__RECORDS PROVIDED__:
= Beginning of Section =

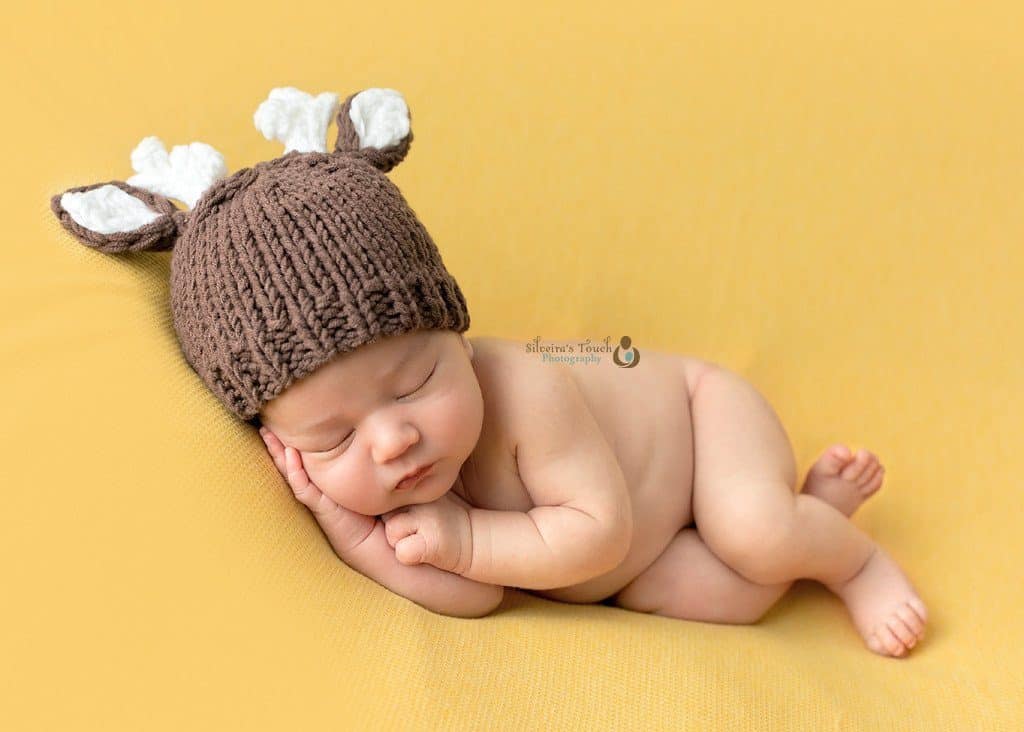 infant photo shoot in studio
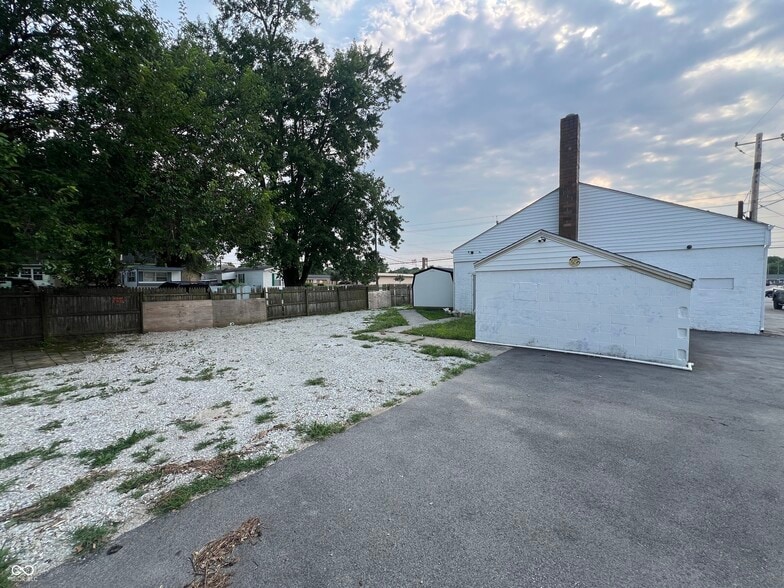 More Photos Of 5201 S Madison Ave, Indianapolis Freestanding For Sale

= End of Section =
= Beginning of Section =

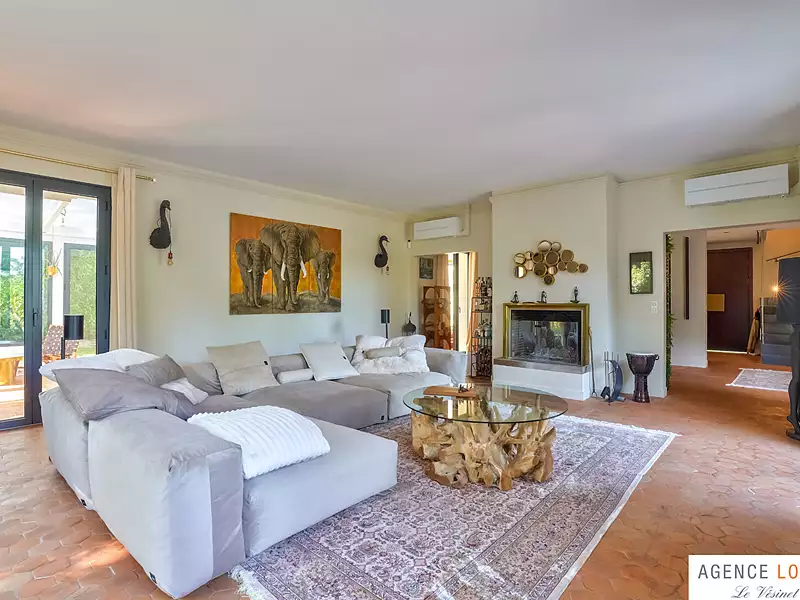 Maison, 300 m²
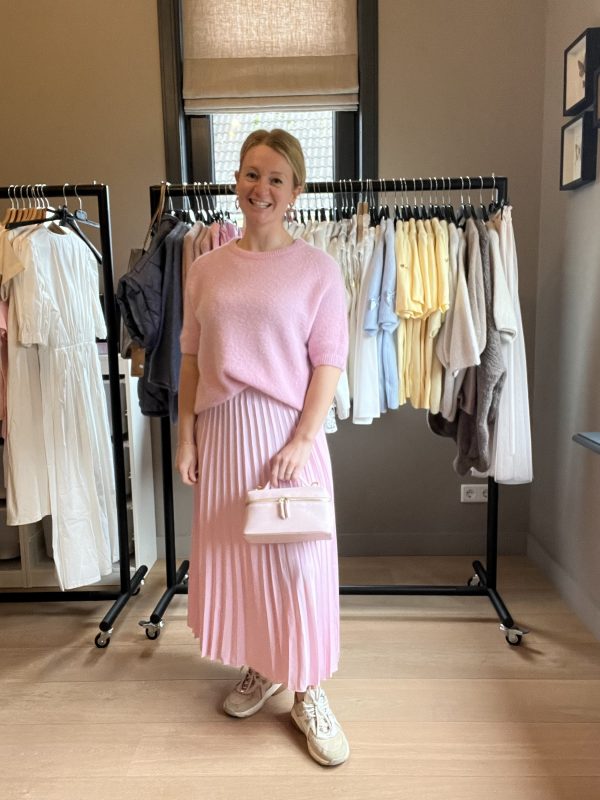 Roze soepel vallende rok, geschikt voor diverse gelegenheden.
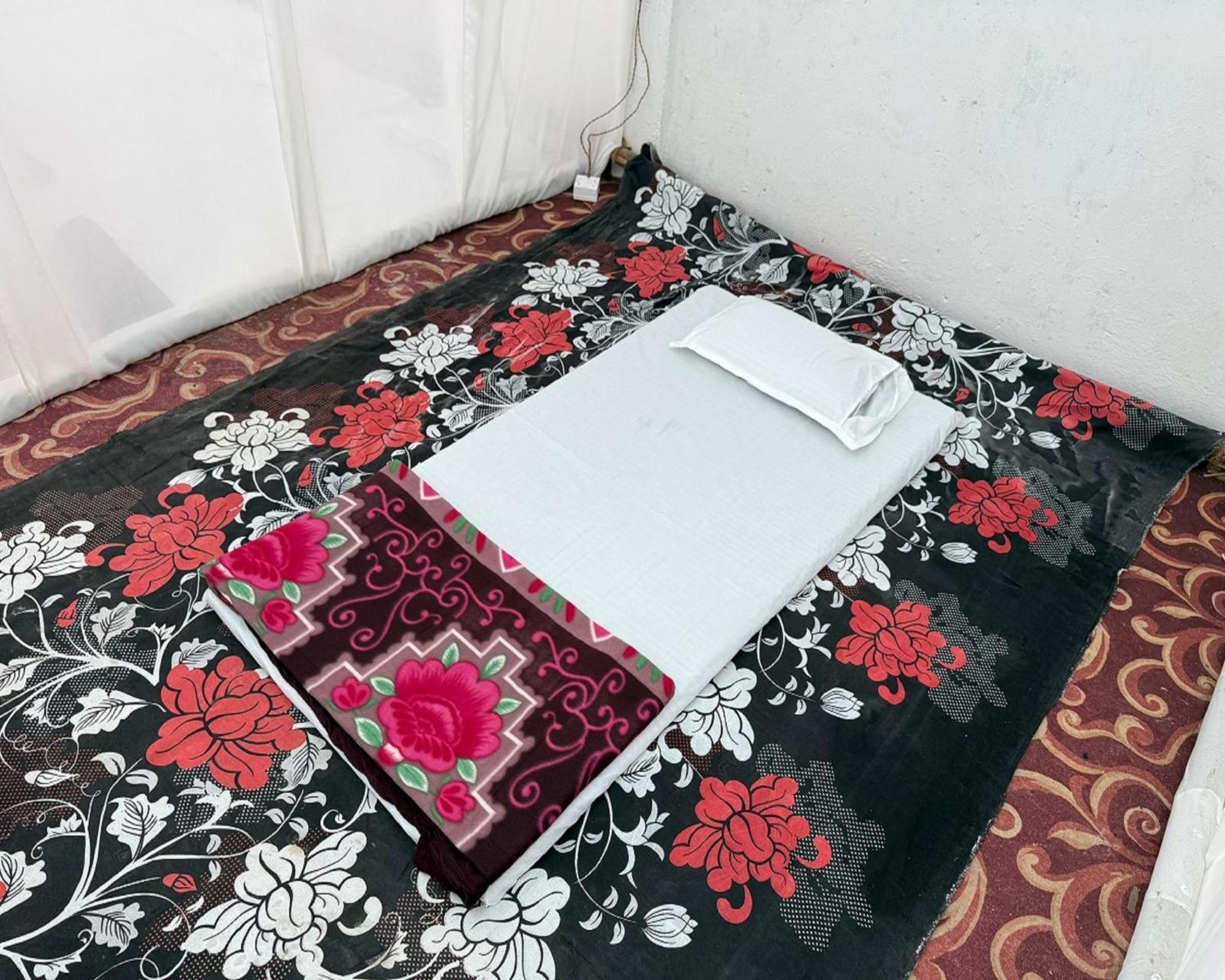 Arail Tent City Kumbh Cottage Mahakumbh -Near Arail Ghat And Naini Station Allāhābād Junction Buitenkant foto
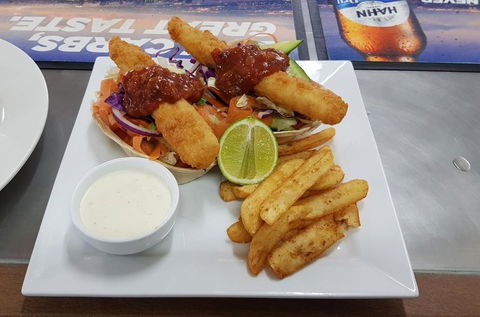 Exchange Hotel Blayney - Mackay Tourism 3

= End of Section =

__DESCRIPTION OF THE TASK__:
Although the records above contain pictures, the copy must not; set down exactly the lines from the one with "infant photo shoot in studio" up to and including the one with "More Photos Of".

__TASK SOLUTION__:
 infant photo shoot in studio
 More Photos Of 5201 S Madison Ave, Indianapolis Freestanding For Sale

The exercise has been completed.